There were a bunch of Netcomm DNS-problem related postings about 12 to 18 month ago. Then those DNS-related postings seemed to stop happening. At the time I wondered if that was because the Netcomm DNS problem had been resolved by Netcomm/Rogers, or if the information had been posted enough times that everyone knew about the problem and its resolution.
I guess I was wrong! As the postings in the last week or so have shown, the problem is not resolved. What amazes me, what I find astounding, what I think is outrageous, is that Rogers/Netcomm have allowed this situation to persist, and have not released whatever it will take to correct the Netcomm DNS problem! My guess is that it would take a firmware update to correct this problem.
I should also tell you that "my" Ericsson W35 has never, ever had a problem. It has run faultlessly and without issue. The problems I have had with its use were caused by Windows Vista, and by the Rogers cellular network itself. So why is it that Rogers no longer seems to offer the RocketHub W35 (which seems to work properly!) and continues to offer the RocketHub Netcomm, which has this DNS problem????
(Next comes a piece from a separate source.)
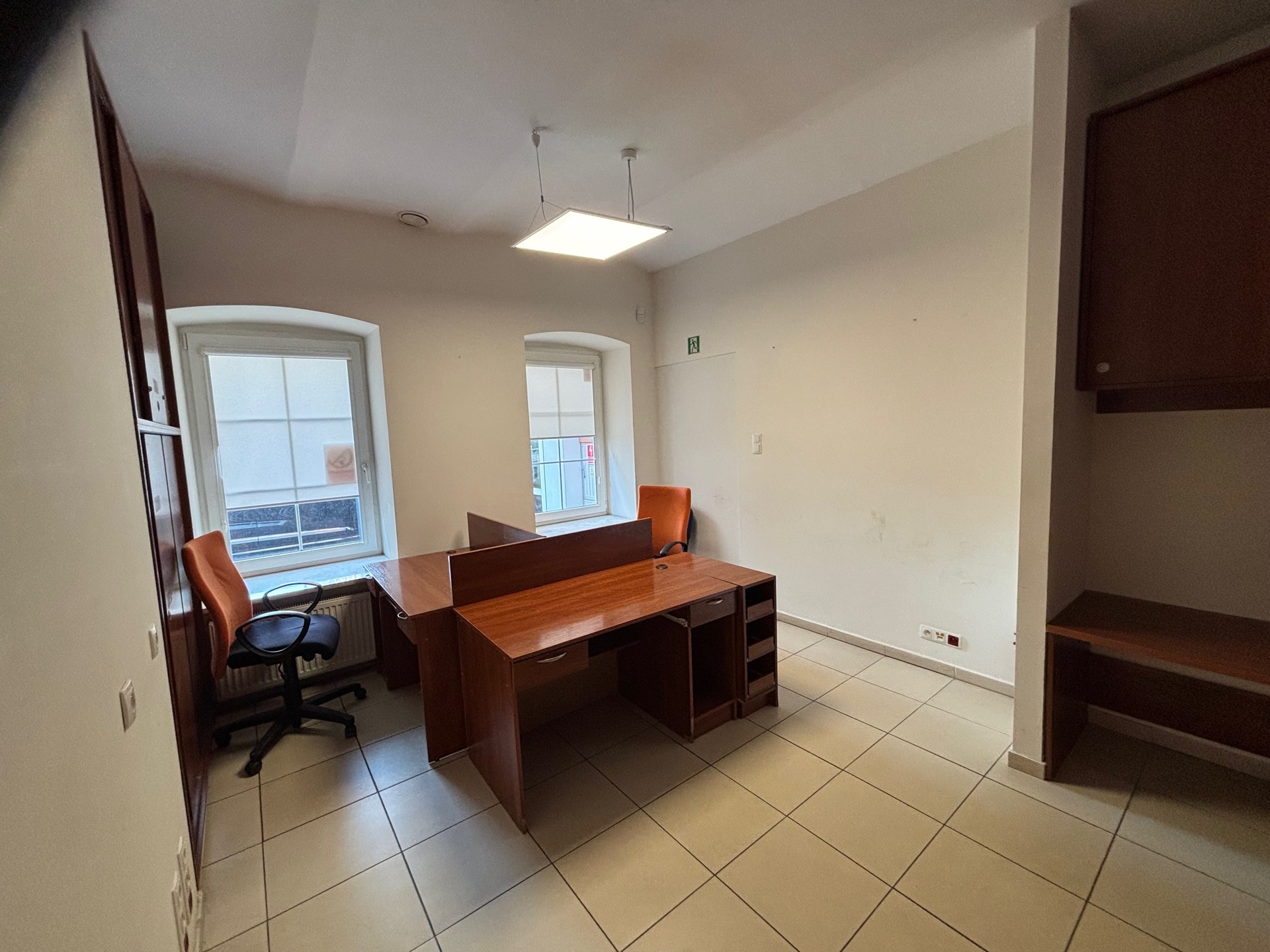 BIURO KALEŃSKA W POBLIZU RONDA WIATRACZNA - zdjęcie 1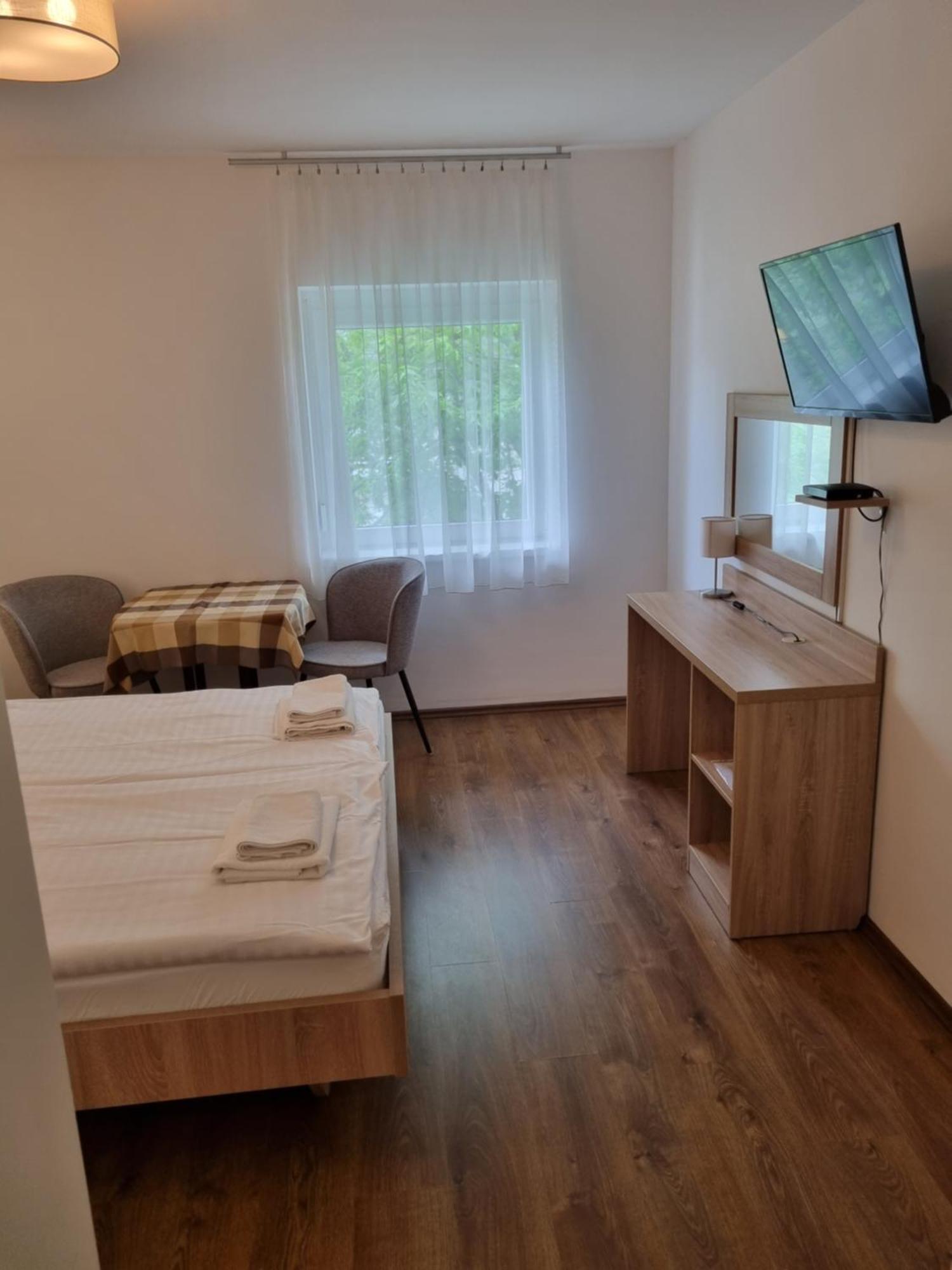 Adam Apartmanhaz Шіофок Номер фото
You mention: "...I'm wondering if this is just an issue of the cell tower being overloaded....". In my experience the cell tower overload problem results in an outright Internet disconnect. Its symptoms are different from the DNS problem. Any internet transfer underway, such as video streaming, would immediately stop, along with any new attempts at internet access. In many cases, a reset or power cycling of the 'Hub will at least temporarily resolve the disconnect problem.